Although India has a strong democracy and the highest voter participation in the world, we continue to see a growing gap of inequality among the people of the country. One factor that plays a large role in this is the small amount of education that people get in the country. With an already large population that continues to grow at a rate of two percent a year, it is simply difficult to educate everyone. Since the population continues to grow, there should be an increase in schools. However, this is not the case and therefore we see illiterate youth among the Indian people. Also, health conditions throughout India are terrible. In the article entitled India’s Inequality: An Uneasy Reconciliation with Economic Growth writer Roberto Zagha states that India has the largest number of poor people in the world even more than Africa. The people of India face many developmental problems such as infrastructural issues which include limited access to clean water. As a result, we see high mortality rates and malnutrition because India does not have access these basic needs.
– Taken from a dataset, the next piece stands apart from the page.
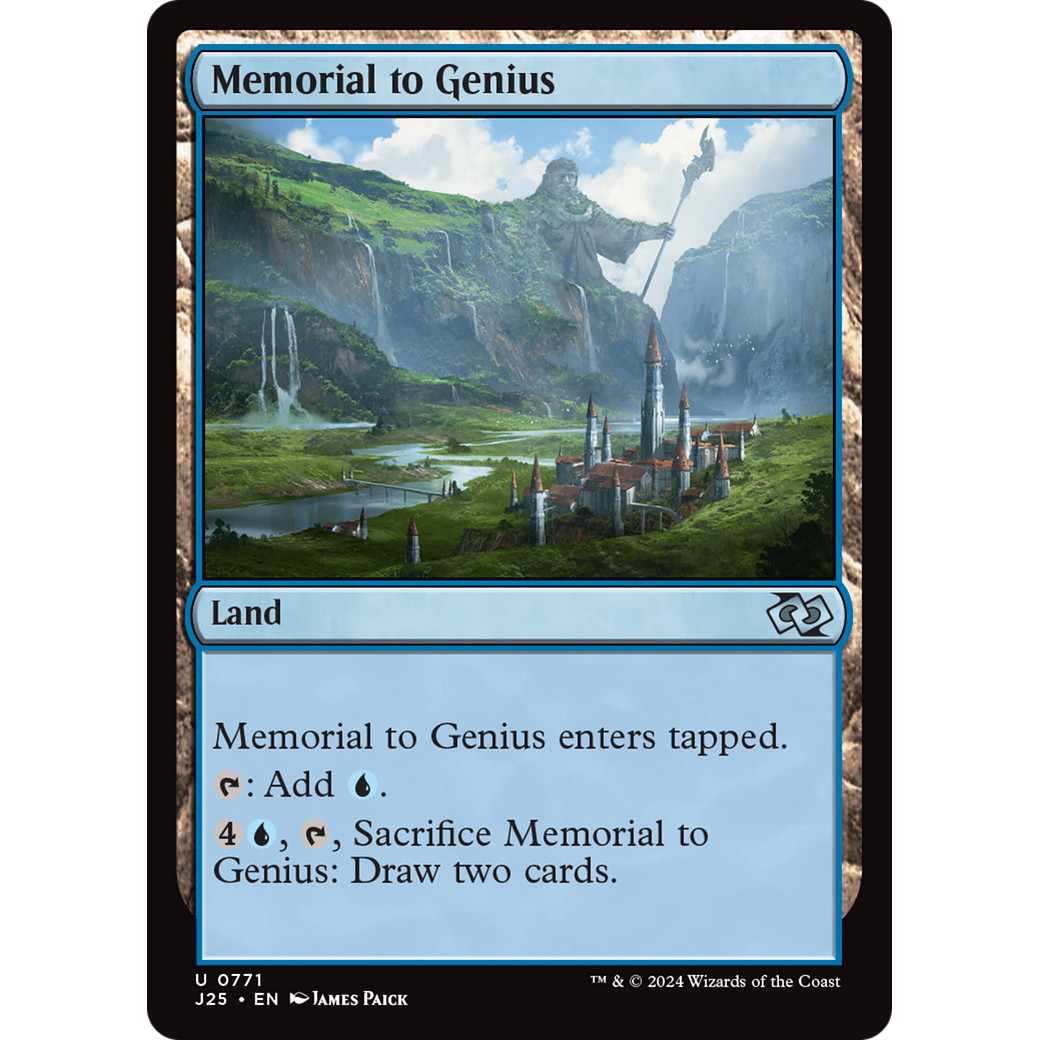 Memorial to Genius (J25-771) - Foundations Jumpstart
Another problem that continues to spread the inequality in India is President Narendra Modi’s drive to have the country manufacture more. This means more people would work industrial jobs in order to try to produce for the country to in turn achieve a higher GDP. As a result of this drive, we see economic growth in the country but inequality still continues to persist. In Patrick O’Neil’s case study, it says that more than half of all Indians rely on agriculture as their living means. With half of the country focusing on agriculture and half of the country pouring money into industry, we see a disconnect. Because their leader is pouring money into the wealthier people’s jobs and not worrying about the poorer half of his population in agriculture there is economic divide. As a result, we see more than one fourth of Indians living on less than a dollar a day. So, while it may seem positive that India’s economy is growing, inequality persists and divides the country further.
O’Neil, Patrick H. Cases in Comparative Politics. 5th ed. S.l.: W W Norton, 2015.
Zagha, Roberto. India’s Inequality: An Uneasy Reconciliation With Economic Growth. Accessed November 2, 2015.
Vakulabharanam, Vamsi. “OPINION: Is Inequality in India Here to Stay?” Is Inequality in India Here to Stay? Accessed November 2, 2015.